First of all, the logic excludes every number ending in 31. The result for those will be NULL. Oops.

So here's improvement #1:

GroupedTime =
   CASE
      WHEN theTime >= 2231 THEN '2300'
      WHEN theTime >= 2131 THEN '2200'
      WHEN theTime >= 2031 THEN '2100'
      WHEN theTime >= 1931 THEN '2000'
      WHEN theTime >= 1831 THEN '1900'
      WHEN theTime >= 1731 THEN '1800'
      WHEN theTime >= 1631 THEN '1700'
      WHEN theTime >= 1531 THEN '1600'
      WHEN theTime >= 1431 THEN '1500'
      WHEN theTime >= 1331 THEN '1400'
      WHEN theTime >= 1231 THEN '1300'
      WHEN theTime >= 1131 THEN '1200'
      WHEN theTime >= 1031 THEN '1100'
      WHEN theTime >= 0931 THEN '1000'
      WHEN theTime >= 0831 THEN '0900'
      WHEN theTime >= 0731 THEN '0800'
      WHEN theTime >= 0631 THEN '0700'
      WHEN theTime >= 0531 THEN '0600'
      WHEN theTime >= 0431 THEN '0500'
      WHEN theTime >= 0331 THEN '0400'
      WHEN theTime >= 0231 THEN '0300'
      WHEN theTime >= 0131 THEN '0200'
      WHEN theTime >= 0031 THEN '0100'
      ELSE '0000'
   END

But here's improvement #2. Now, oddly enough, theTime is a varchar column (it was extracted from a datetime column as varchar for some reason, but I'm working to try to fix that).
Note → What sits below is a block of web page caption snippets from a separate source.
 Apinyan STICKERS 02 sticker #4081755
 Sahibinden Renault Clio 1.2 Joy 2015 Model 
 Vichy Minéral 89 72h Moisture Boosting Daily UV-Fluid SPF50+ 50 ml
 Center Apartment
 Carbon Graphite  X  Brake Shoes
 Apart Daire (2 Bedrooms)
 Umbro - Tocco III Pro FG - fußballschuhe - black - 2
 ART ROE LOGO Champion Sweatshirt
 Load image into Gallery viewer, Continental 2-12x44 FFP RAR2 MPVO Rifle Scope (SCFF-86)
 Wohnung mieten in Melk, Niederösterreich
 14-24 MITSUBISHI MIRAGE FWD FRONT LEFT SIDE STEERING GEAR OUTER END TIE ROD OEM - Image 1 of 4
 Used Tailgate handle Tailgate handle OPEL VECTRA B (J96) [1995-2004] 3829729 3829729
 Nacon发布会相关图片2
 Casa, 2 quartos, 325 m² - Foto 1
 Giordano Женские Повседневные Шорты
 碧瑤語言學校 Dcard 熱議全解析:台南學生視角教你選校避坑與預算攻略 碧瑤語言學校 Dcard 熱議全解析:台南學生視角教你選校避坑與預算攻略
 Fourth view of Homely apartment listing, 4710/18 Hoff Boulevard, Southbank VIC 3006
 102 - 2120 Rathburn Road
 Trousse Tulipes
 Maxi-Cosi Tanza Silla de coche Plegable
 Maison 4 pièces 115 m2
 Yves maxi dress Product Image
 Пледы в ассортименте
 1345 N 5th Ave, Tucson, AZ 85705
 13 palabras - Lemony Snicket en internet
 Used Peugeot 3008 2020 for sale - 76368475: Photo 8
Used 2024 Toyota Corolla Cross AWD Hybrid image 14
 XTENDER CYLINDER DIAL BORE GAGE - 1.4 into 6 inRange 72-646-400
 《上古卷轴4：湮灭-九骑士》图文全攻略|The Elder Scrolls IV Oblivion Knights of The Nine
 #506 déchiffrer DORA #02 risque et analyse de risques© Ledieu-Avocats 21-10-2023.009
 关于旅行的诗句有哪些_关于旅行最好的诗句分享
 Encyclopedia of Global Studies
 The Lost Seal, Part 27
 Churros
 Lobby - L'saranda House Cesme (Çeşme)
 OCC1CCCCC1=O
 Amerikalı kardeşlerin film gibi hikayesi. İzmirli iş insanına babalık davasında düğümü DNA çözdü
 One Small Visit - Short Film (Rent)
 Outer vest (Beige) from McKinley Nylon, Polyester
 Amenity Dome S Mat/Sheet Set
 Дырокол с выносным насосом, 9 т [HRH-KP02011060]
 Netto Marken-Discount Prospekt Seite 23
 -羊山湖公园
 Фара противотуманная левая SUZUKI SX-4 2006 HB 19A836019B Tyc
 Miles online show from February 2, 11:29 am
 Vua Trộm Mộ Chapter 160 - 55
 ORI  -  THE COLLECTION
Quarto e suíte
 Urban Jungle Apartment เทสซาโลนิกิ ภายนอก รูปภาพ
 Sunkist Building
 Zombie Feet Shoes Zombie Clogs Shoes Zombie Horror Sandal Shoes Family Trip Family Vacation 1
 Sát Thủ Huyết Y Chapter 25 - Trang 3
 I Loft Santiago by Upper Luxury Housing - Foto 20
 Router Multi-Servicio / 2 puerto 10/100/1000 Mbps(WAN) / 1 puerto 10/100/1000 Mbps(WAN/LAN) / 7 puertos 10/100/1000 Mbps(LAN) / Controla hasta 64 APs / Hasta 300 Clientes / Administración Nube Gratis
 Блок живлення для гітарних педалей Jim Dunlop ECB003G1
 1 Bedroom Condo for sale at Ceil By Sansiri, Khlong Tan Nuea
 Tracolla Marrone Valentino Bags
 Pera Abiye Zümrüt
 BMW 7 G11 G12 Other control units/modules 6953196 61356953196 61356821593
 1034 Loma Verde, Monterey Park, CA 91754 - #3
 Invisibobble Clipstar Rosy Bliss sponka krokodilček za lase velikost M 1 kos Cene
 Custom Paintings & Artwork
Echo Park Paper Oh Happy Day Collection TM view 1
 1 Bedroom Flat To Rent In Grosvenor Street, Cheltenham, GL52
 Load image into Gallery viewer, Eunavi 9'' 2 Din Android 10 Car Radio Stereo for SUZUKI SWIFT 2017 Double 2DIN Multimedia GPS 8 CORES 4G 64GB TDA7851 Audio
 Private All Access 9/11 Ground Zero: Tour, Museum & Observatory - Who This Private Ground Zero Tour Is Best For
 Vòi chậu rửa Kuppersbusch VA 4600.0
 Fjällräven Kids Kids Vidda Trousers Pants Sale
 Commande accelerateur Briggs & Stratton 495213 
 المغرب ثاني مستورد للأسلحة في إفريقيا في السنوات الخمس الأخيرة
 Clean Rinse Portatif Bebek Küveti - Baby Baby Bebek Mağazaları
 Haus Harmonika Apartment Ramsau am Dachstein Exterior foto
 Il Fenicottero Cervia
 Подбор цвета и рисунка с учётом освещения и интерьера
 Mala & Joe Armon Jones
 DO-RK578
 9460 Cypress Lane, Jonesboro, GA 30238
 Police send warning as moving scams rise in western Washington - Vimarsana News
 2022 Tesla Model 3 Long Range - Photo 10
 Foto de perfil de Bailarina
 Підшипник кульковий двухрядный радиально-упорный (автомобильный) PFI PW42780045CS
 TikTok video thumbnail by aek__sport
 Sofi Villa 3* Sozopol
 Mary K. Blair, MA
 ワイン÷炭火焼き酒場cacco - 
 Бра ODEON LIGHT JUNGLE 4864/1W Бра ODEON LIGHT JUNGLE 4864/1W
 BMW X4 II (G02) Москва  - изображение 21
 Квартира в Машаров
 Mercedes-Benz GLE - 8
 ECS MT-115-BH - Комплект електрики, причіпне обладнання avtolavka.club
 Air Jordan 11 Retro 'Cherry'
Groupedtime = Right('0' + Convert(varchar(2), (Left(theTime, 2) + CASE WHEN Right(theTime, 2) >= 31 THEN 1 ELSE 0 END) % 24), 2) + '00'

More improvements can be made if the theTime column comes in as datetime or a proper numeric such as minutes (instead of the display varchar number where '0100' means 1 o'clock or 60 minutes, not 100 minutes. I will be making that change since the source of the data is also able to be changed.

SQL Puzzlement

The tortured SQL I find in production:

CASE WHEN ExtendedDescription is null
   THEN replace(replace(replace(MainDescription, '''', '`'), char(10), ';'), char(13), ' ')
   ELSE (replace(replace(replace(MainDescription, '''', '`'), char(10), ';'), char(13), ' ')
      + '(' + replace(replace(replace(ExtendedDescription, '''', '`') + ')', char(10), ';'), char(13), ' '))
      END as FullDescription,

A simpler way to express this:

FullDescription =
   Replace(Replace(Replace(
      MainDescription + Coalesce('(' + ExtendedDescription + ')', '')
      , '''', '`'), char(10), ';'), char(13), ' '
   ),

It's not just about the simplest way to express something, but also about how easy it is to read and see what it's doing.

Oddly enough I do put commas at the beginning of lines sometimes when expressions are very long. I'll never put commas at the beginning of a new column expression, though.